Pension funds have been offered to exchange about 31 billion cedis ($2.7 billion) of existing investments that carry an average coupon of 18.5% for two new bonds maturing in 2027 and 2028 with an average interest rate of 8.4%, the Ministry of Finance said in an exchange memorandum late Monday.
The government will also give holders more of the securities — which were issued in February — and an additional cash-payment instrument that offers 10%, it said. That will result in a stream of coupon payments totaling 21%, according to the memorandum.
In 2023 and 2024, both instruments will pay 5% coupon in cash and the remainder will be capitalized into the nominal amount of the two bonds and paid at maturity, it said. This is in order to enable the government to comply with macroeconomic requirements under its program with the International Monetary Fund, the Finance Ministry said.
“This alternative offer has been designed to achieve the same average maturity, achieve a better average coupon while alleviating the cash constraint for the government during the initial years after the exchange.”
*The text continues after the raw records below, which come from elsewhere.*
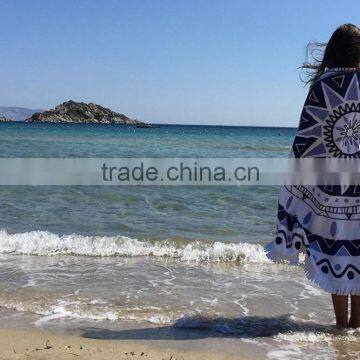 Canada luxury soft touch velour cotton yarn dyed jacquard design custom color large size round beach towel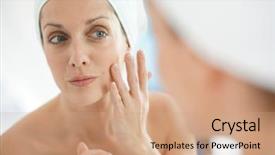  Presentation with bathroom - Slides having portrait of woman in bathroom background and a coral colored foreground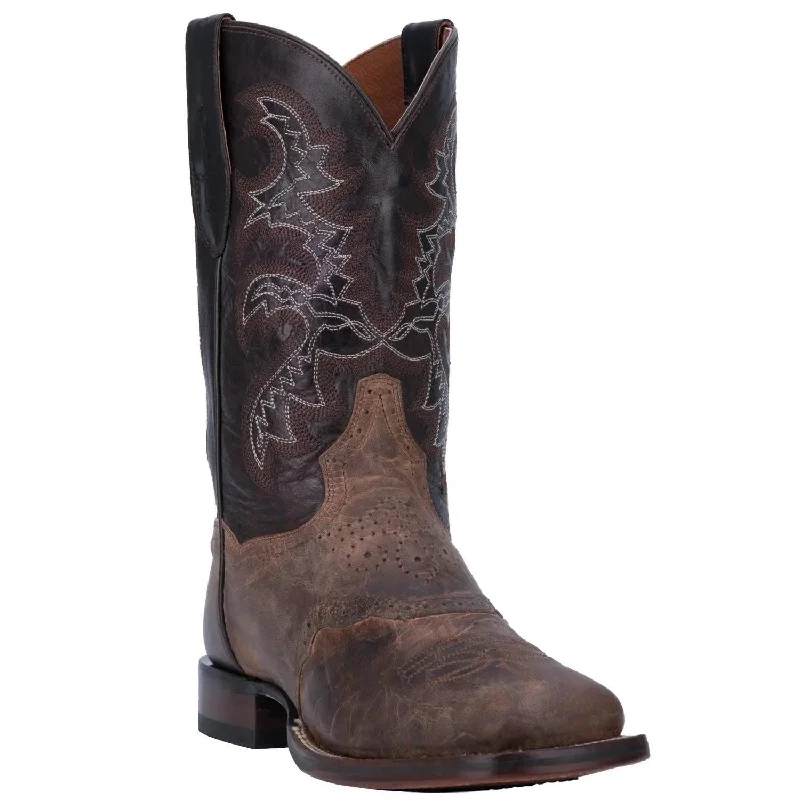 Men's western boots with a silver - toned hardware and accentsDan Post Men’s Franklin Sand Dark Chocolate Leather Boot DP2815 Men's western boots with a silver - toned hardware and accentsDan Post Men’s Franklin Sand Dark Chocolate Leather Boot DP2815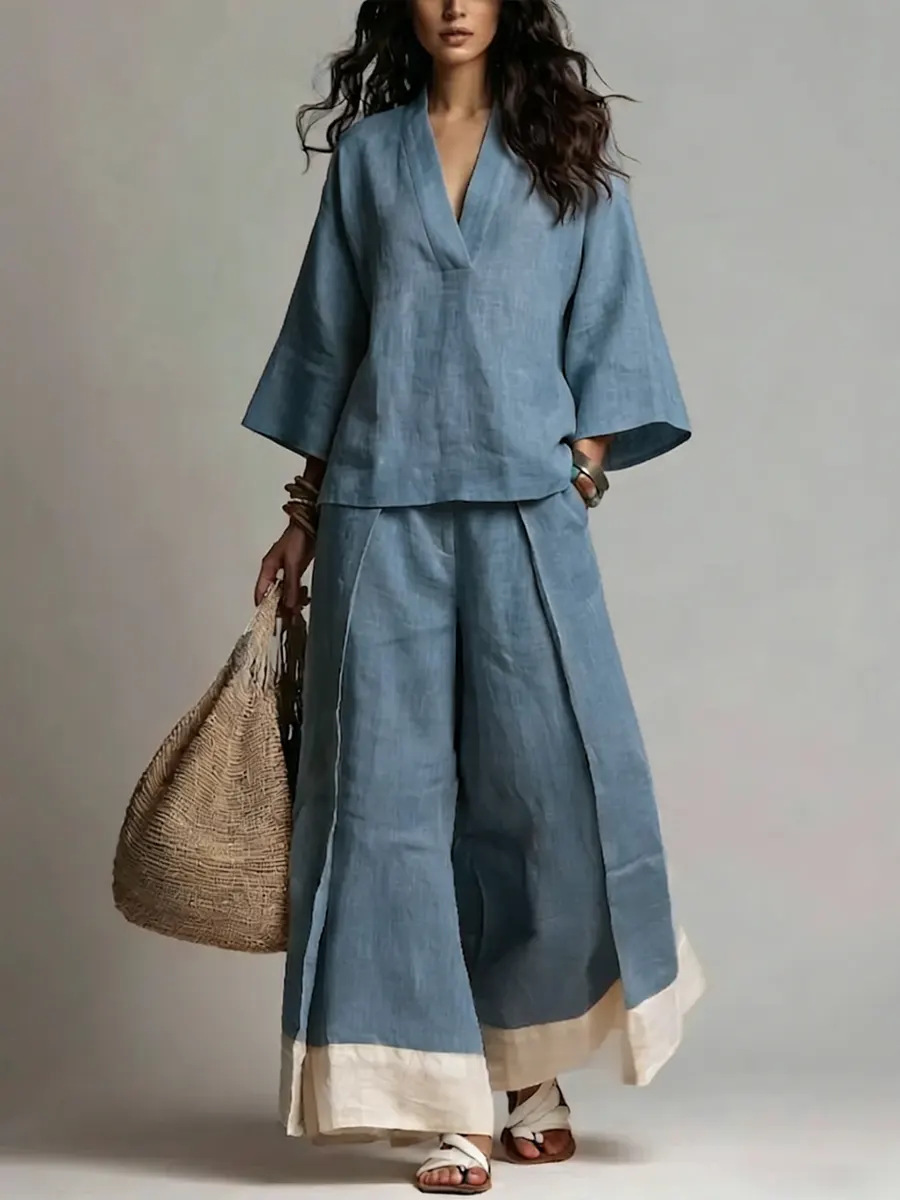 Zomer Dames V-hals Katoen Linn - Linen Pant Wide recensie en prijs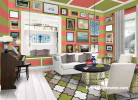 villa, lounge, living room, bright living room, striped walls, pink and green stripes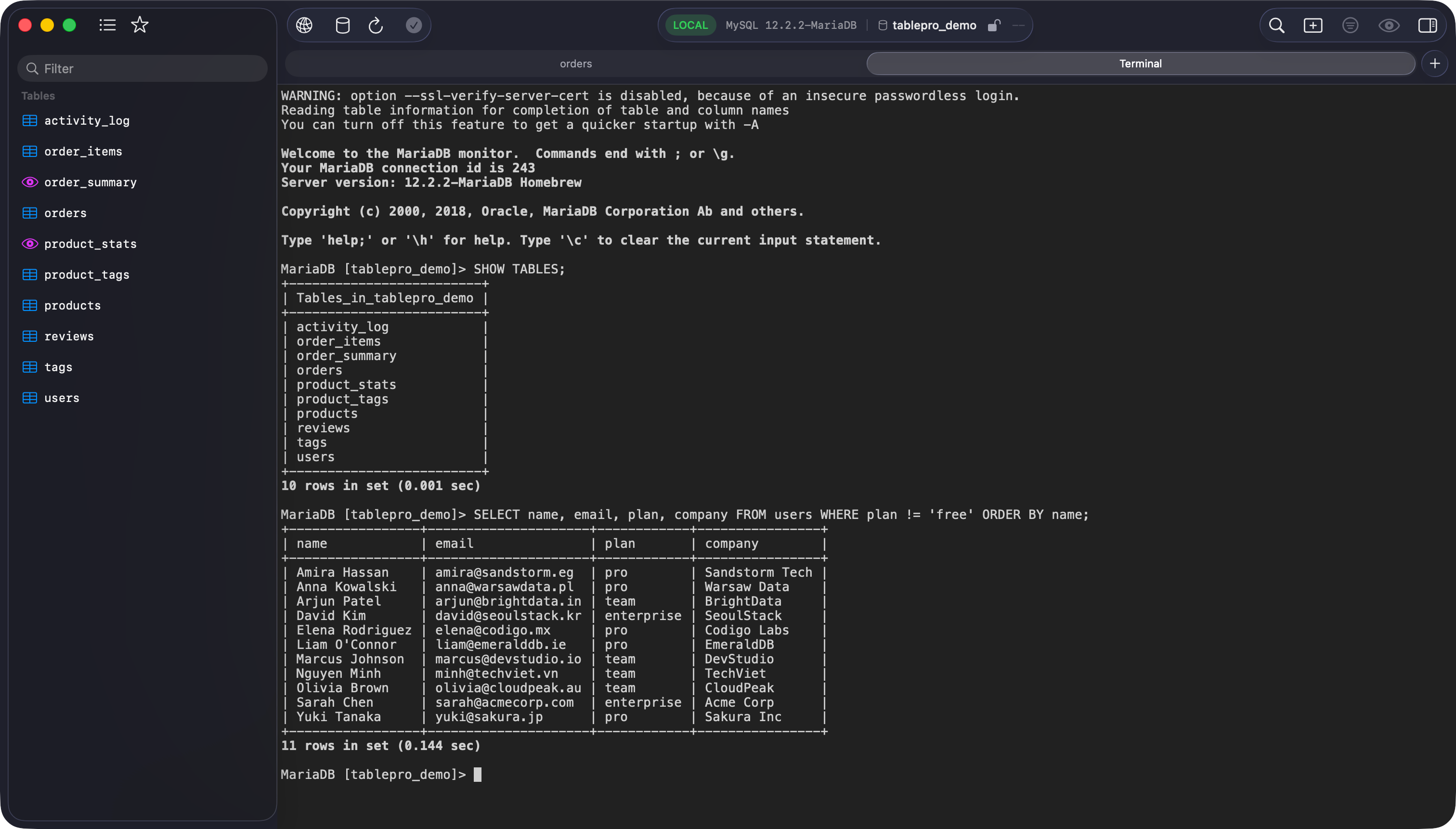 TablePro embedded terminal running psql connected to a PostgreSQL database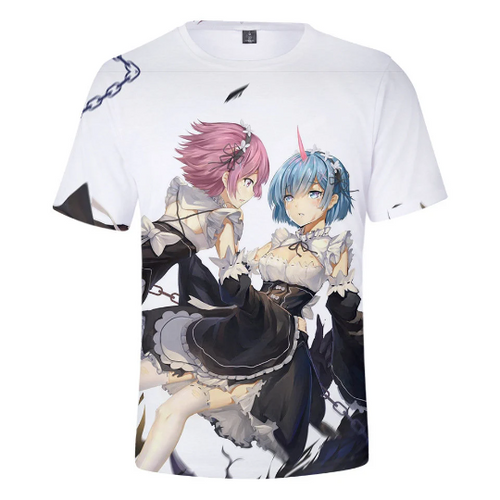 Free UK Royal Mail Tracked 24hr delivery  Cool design of Re: Zero − Starting Life in Another World Ram and Rem Anime T-shirt.  The silken style of this polyester T-shirt makes it lightweight and comfortable to wear.  Premium DTG technology prints the design directly onto the T-shirt which makes the design really stand out, easy to wash, and the colours will not fade or crack.   Excellent gift for any Re: Zero − Starting Life in Another World fan.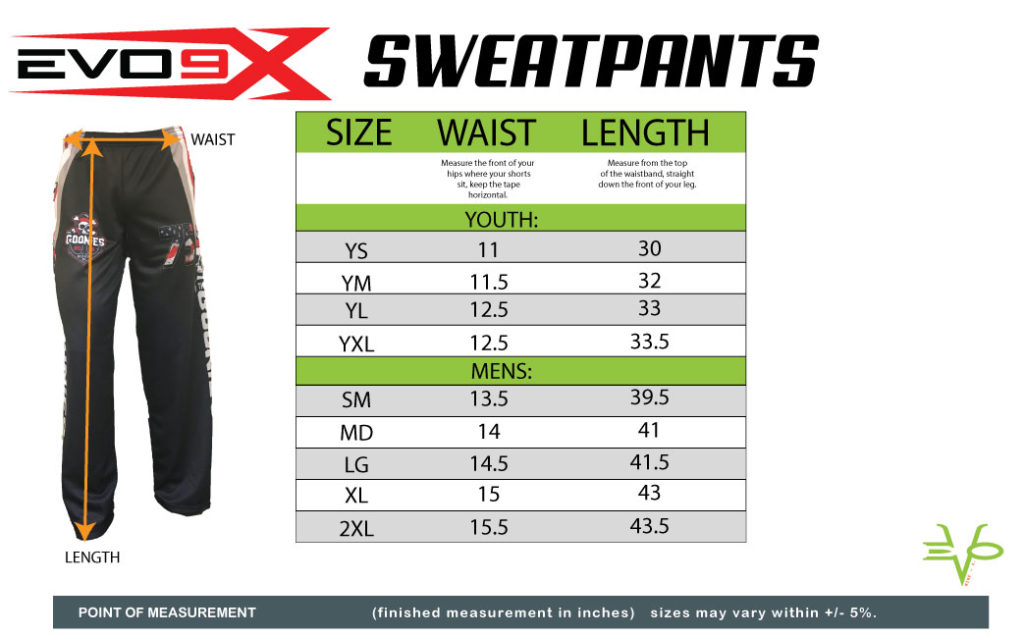 Size Chart / Pants / Kaffetech Fusion Sweatpants - Outerboro - Performance  Cut and Sewn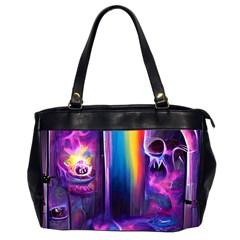 Purple Drawing Digital Art Oversize Office Handbag (2 Sides) by Amaryn4rt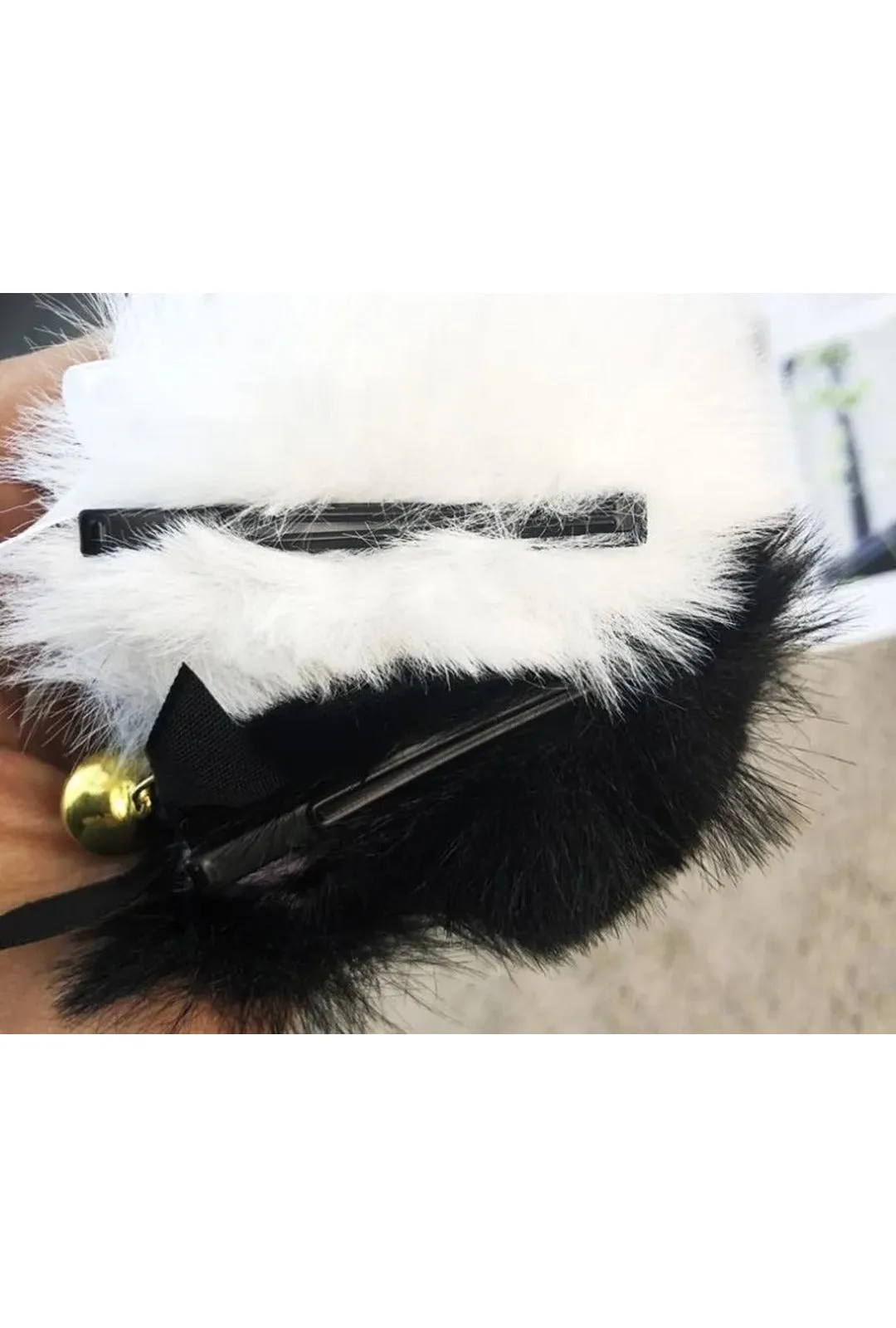 Black Fluffy Ears Headband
Ghana, which defaulted on a Eurobond payment earlier this year is restructuring most of its 569.3 billion cedis debt as of end-April, to make them sustainable under the $3 billion IMF program it entered mid-May.
Ghana won IMF backing after obtaining financing assurance from bilateral creditors under the Group of 20’s Common Framework in May and completing the first part of a domestic debt exchange in February.
In that exchange investors swapped 87.8 billion cedis in obligations for new securities that paid as little as 8.35%, versus an average of 19% on the old notes.
Eurobond Revamp
The pension funds rejected that offer because of the losses they’d incur. They have up to 4:00 p.m. on Aug. 18 to accept this new offer.
Ghana also started the reorganization of $809 million of domestic dollar bonds and 7.9 billion cedis of cocoa bills on July 14 that will close on Aug. 4.
The results from these exchange programs and the specific terms of debt relief Ghana gets from bilateral creditors will largely determine the terms Ghana will propose to Eurobond investors. Ghana targets to complete its dollar bonds overhaul by a self-imposed deadline of September.